Fed's quarter-percent rate hike unlikely to affect insurance pricingReprints
Wednesday's decision by the Federal Reserve to raise interest rates 0.25% could have implications for insurers seeking enhanced returns, but the pace of change may be slow, analysts said Thursday.
Insurance executives had been decrying the “low rate environment” throughout 2015. Better investment returns cold lead to more aggressive pricing, but not right away, sources said.
“We assume higher investment returns would eventually pressure pricing, but we think near-term impact is too incremental and uncertain for insurers to make pricing changes based on the current outlook,” Cliff Gallant, San Francisco-based analyst for Nomura Securities International Inc., said in a research note.
Fitch Ratings Inc. also said that only time will tell the ultimate effect on life insurers.
“U.S. life insurers' potential gain from further Fed rate hikes over the coming year could be muted if long-term rates remain largely unaffected,” Fitch said in a research note.
“While yesterday's Federal Funds target rate increase was expected, how further rate hikes affect credit fundamentals and the longer end of the yield curve is still to be determined,” added Fitch.

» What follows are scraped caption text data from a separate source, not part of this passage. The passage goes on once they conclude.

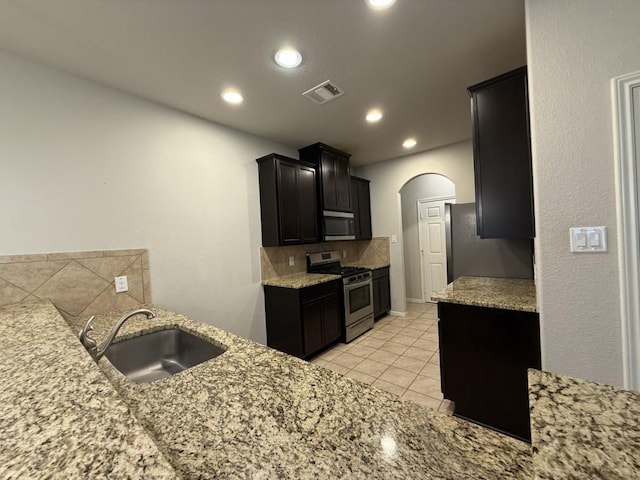 kitchen featuring appliances with stainless steel finishes, sink, light stone counters, light tile patterned flooring, and decorative backsplash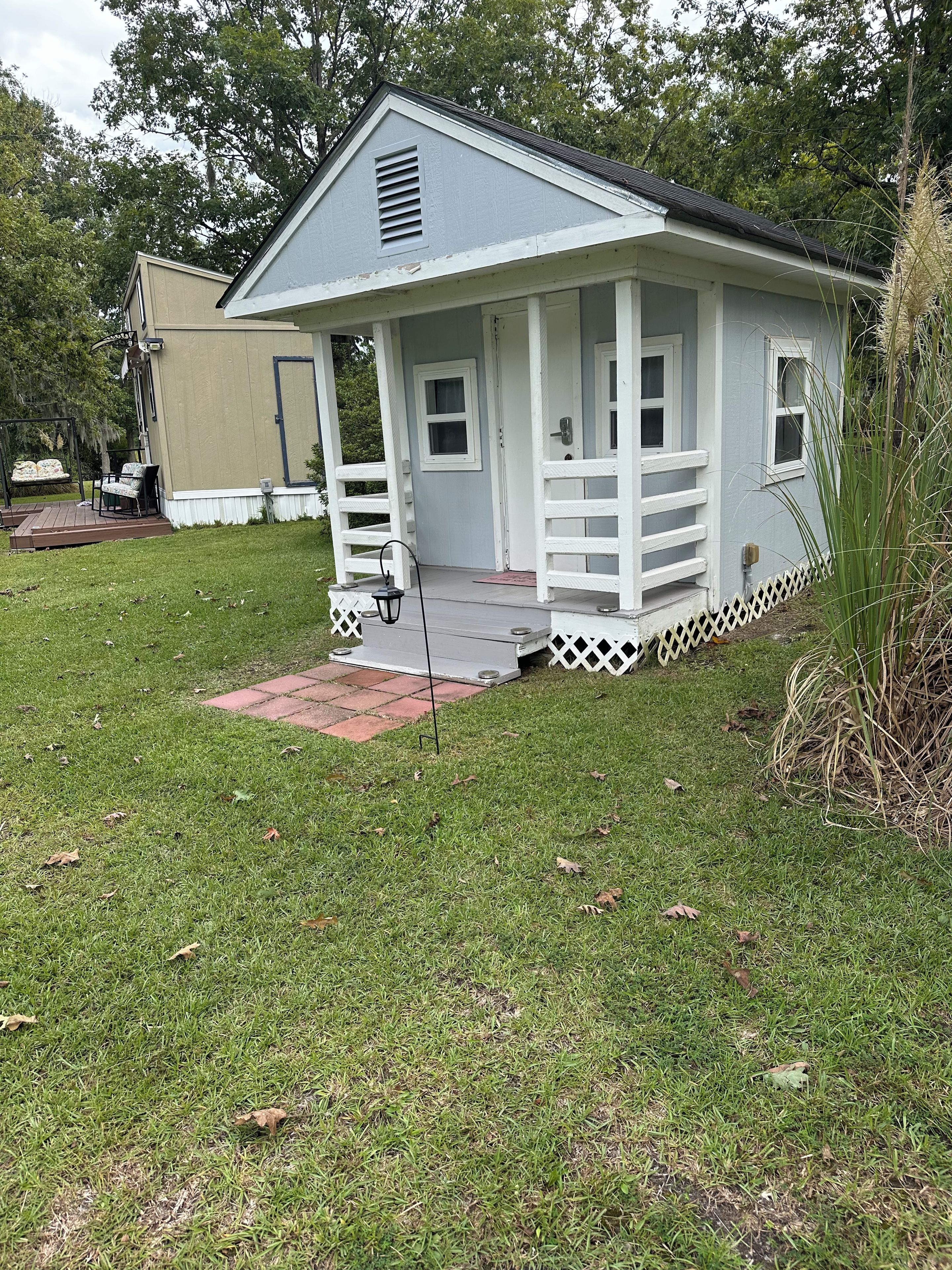 A small, single-story building with a porch and a fenced yard.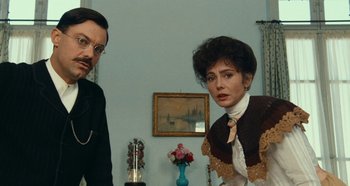 Movie still from “My Father's Glory” (1990), directed by Yves Robert – A man and a woman standing next to each other in a room; Medium shot, Low angle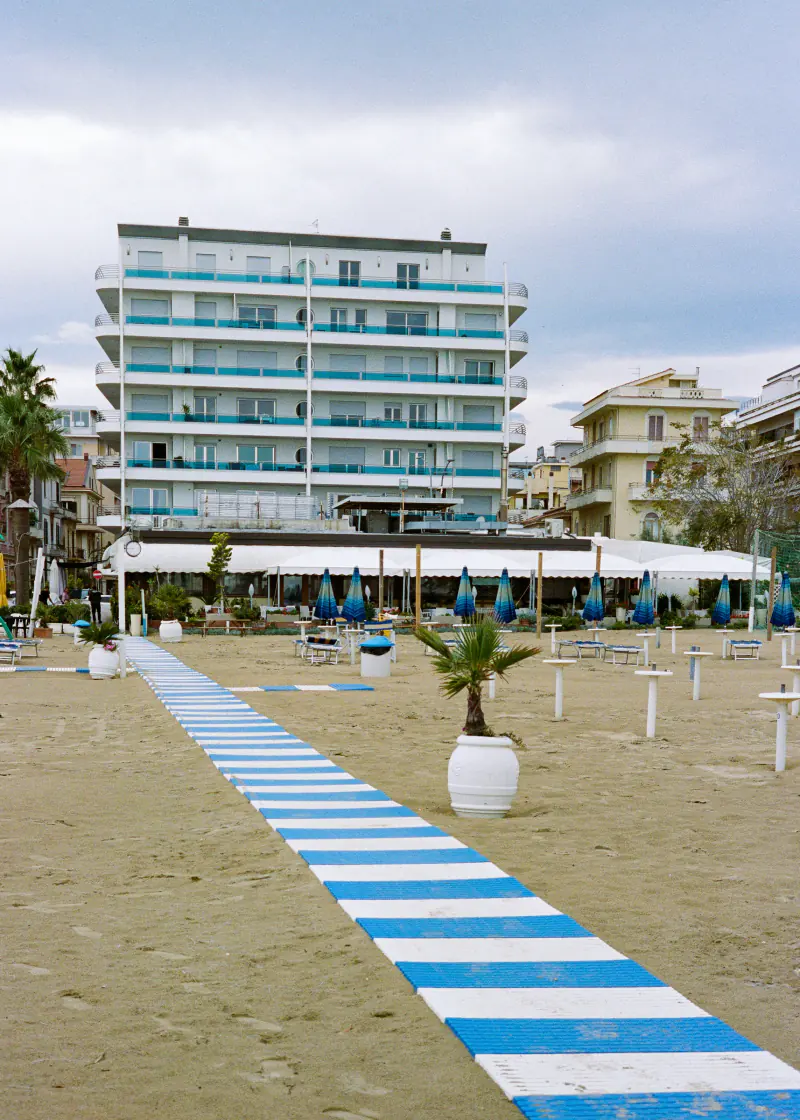 A beach with a blue and white striped path leading to a building.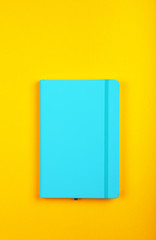 Blue leather cover notebook over yellow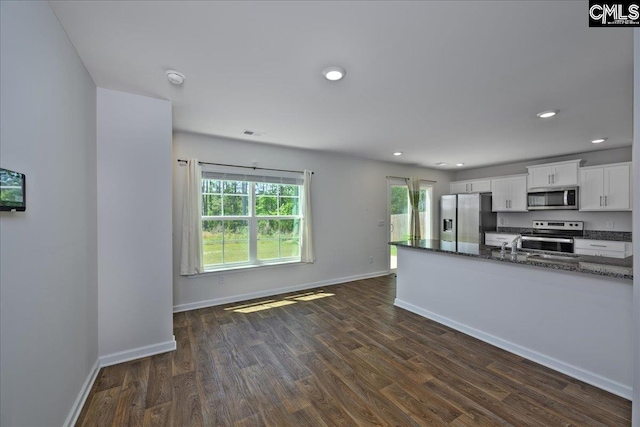kitchen with baseboards, white cabinets, stainless steel appliances, and dark wood-type flooring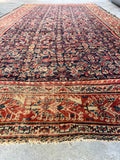 Handwoven Persian rug with vegetable dyed wool in navy, rust, and ivory tones.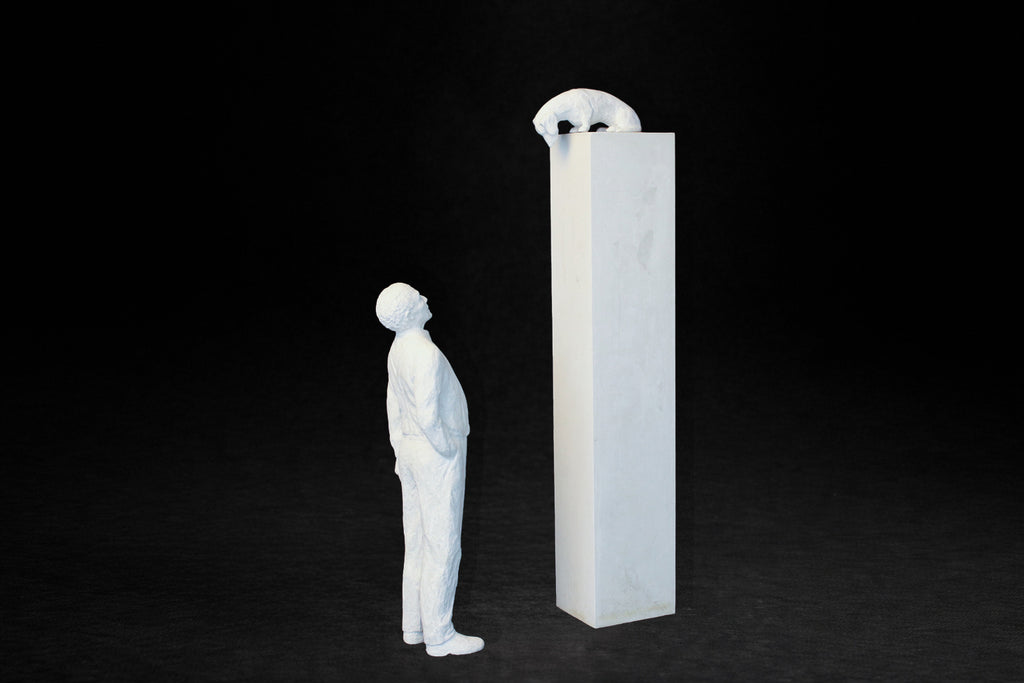 White plaster sculpture of a man standing beside a tall rectangular plinth, looking up at a dachshund peering over the edge.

And while the hike is welcome, it still leaves rates historically low, according to Moody's Investors Service Inc.
“Life insurers will benefit from a gradual improvement of investment returns, particularly those companies that have written significant policies that provide guaranteed rates to policyholders. But the low interest rate environment relative to historical levels will continue to pressure insurers' profitability,” Moody's said in a report.